Adams v. StateAnnotate this Case
45 So. 2d 43 (1950)
ADAMS et al. v. STATE.
6 Div. 20.
Supreme Court of Alabama.
March 9, 1950.
John A. Jenkins, of Birmingham, for petitioner.
A. A. Carmichael, Atty.Gen., and Wm. N. McQueen, Asst. Atty. Gen., opposed.
This proceeding was begun by a writ of habeas corpus. The same proceeding was conducted for two parties, separately, but they have been consolidated and the same status exists as to them both, so what is here said applies to both.
The return to the writ of habeas corpus shows that the petitioner was held under a warrant issued by the Governor of this State upon a requisition of the Governor of the State of Illinois. The Governor's warrant is conceded by petitioner's counsel to contain the jurisdictional facts necessary to the issuance thereof. Russell v. State, 251 Ala. 268, 37 So. 2d 233; Title 15, section 54, Code.
The trial court denied the claim of petitioner for a discharge and ordered the petition dismissed. An appeal was taken to the Court of Appeals and that court affirmed the judgment of the trial court. A petition for certiorari has been presented to this Court and that is now being considered.
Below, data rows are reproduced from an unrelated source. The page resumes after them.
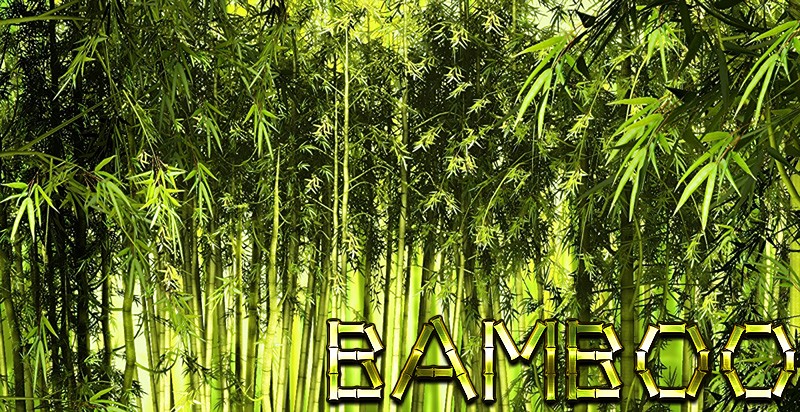 Bamboo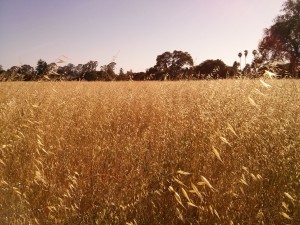 small_2013-06-12 17.39.39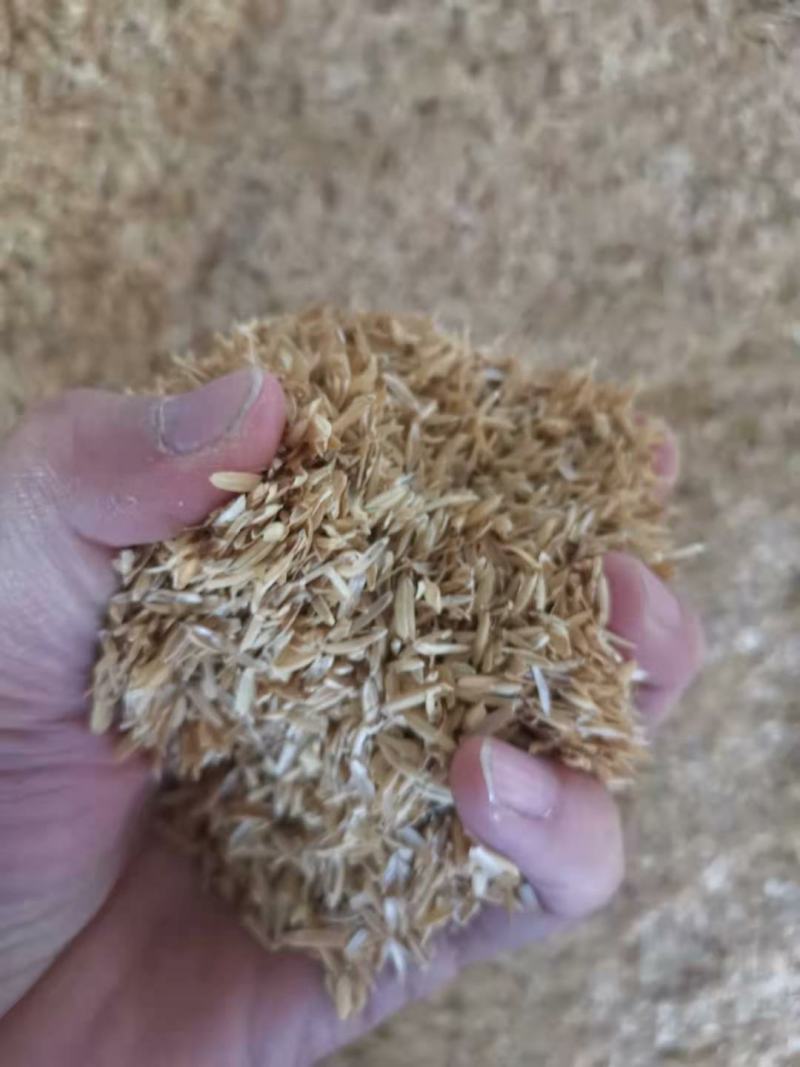 压缩稻壳散装稻壳常年大量供应信阳市光山县发货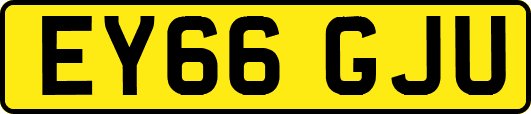 EY66GJU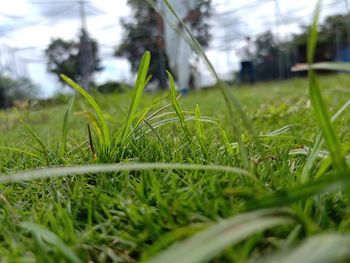 Close-up of wet grass on field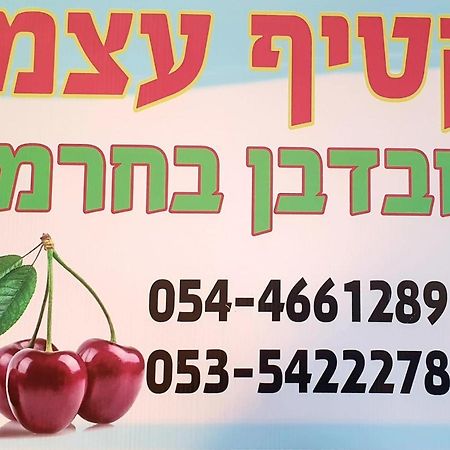 צימרים בגולן דובדבן בחרמון Mas'ada Bagian luar foto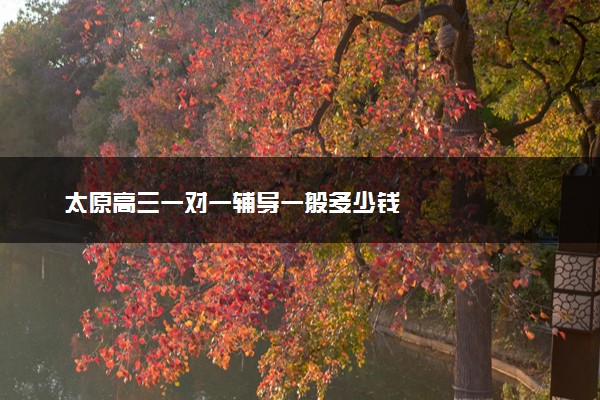 太原高三一对一辅导一般多少钱
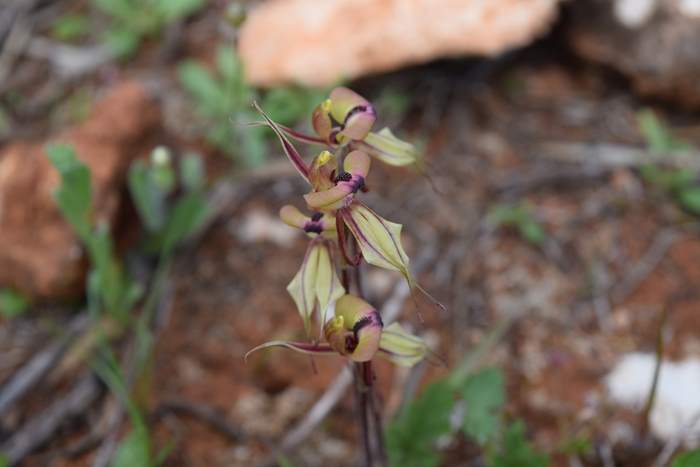 Caladenia cristata - Crested Spider Orchid-Sep-2018p0006.JPG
In briefs submitted in connection with that petition counsel for petitioner states that the answer and petition offered in behalf of the State made out a prima facie case for the purpose of extradition. He insists however that such prima facie *44 case is subject to rebuttal or impeachment, but fails to recognize the fact that such rebuttal or impeachment is not authorized to the extent of an inquiry into the question of whether or not petitioner is guilty or innocent of the crime charged. Title 15, section 67, Code; State v. Parrish, 242 Ala. 7(20), 5 So. 2d 828.
The only matters which are subject to inquiry are whether petitioner is a fugitive from justice from the State of Illinois, Title 15, section 49, Code; State v. Parrish, supra, and whether the extradition proceedings were sought to aid in the collection of a debt, demand or claim. Title 15, section 68, Code; Tingley v. State, 251 Ala. 452, 37 So. 2d 680.
The particular matter which counsel for petitioner argues as being subject to rebuttal or impeachment relates to the affidavit of Cyril B. Davis. It is claimed by petitioner's counsel that said affiant may be impeached by showing contradictory statements made by him in the form of evidence given on the trial of a case relating to the same transaction in the United States District Court at Birmingham. The Court of Appeals on appeal in this case disposed of that contention showing that the objection to the evidence was properly sustained because the record does not show that the witness was in fact without the State and that the absent witness could not be impeached in this manner. But we think the objection should be disposed of on a different principle.
The record shows that the affidavit of Cyril B. Davis referred to is the affidavit which was made in Chicago upon the basis of which the warrant was issued against petitioner charging him with larceny of an automobile. Such affidavit is in evidence on the habeas corpus hearing as justifying the Governor's warrant and not proper to be considered in determining the guilt or innocence of petitioner, and was not made for any such purpose. It is but a preliminary affidavit necessary to support the warrant that was issued in Illinois. Affiant does not stand therefore in the attitude of a witness whose testimony was given in the habeas corpus case and therefore who was subject to impeachment. To impeach his affidavit would be material on an inquiry into the guilt or innocence of the petitioner, which is not available on this hearing.
The other reason given by the Court of Appeals why the ruling of the trial court should be affirmed in sustaining objection to the impeaching testimony is that although the testimony (if such it were) of a witness is in the form of an affidavit or deposition, the rule requires a predicate to be laid for the introduction of impeaching testimony, directing the attention of the witness to the time, place, person and supposed contradiction. That principle has been sustained by our cases, Simon v. Wyler, 222 Ala. 91, 130 So. 778; Baird Lumber Co. v. Devlin, 124 Ala. 245, 27 So. 425; Hughes v. Wilkinson, 35 Ala. 453, but we do not say it is applicable here. We prefer to base our approval of the ruling of the trial court upon the circumstance that the affidavit of Cyril B. Davis was not as the testimony of a witness given on the trial but only as justification of the issuance of the warrant in Chicago, so that we do not reach either theory upon which the Court of Appeals acted.
This is the only question insisted upon by petitioner and, therefore, the writ of certiorari is due to be denied.
LIVINGSTON, LAWSON, SIMPSON and STAKELY, JJ., concur.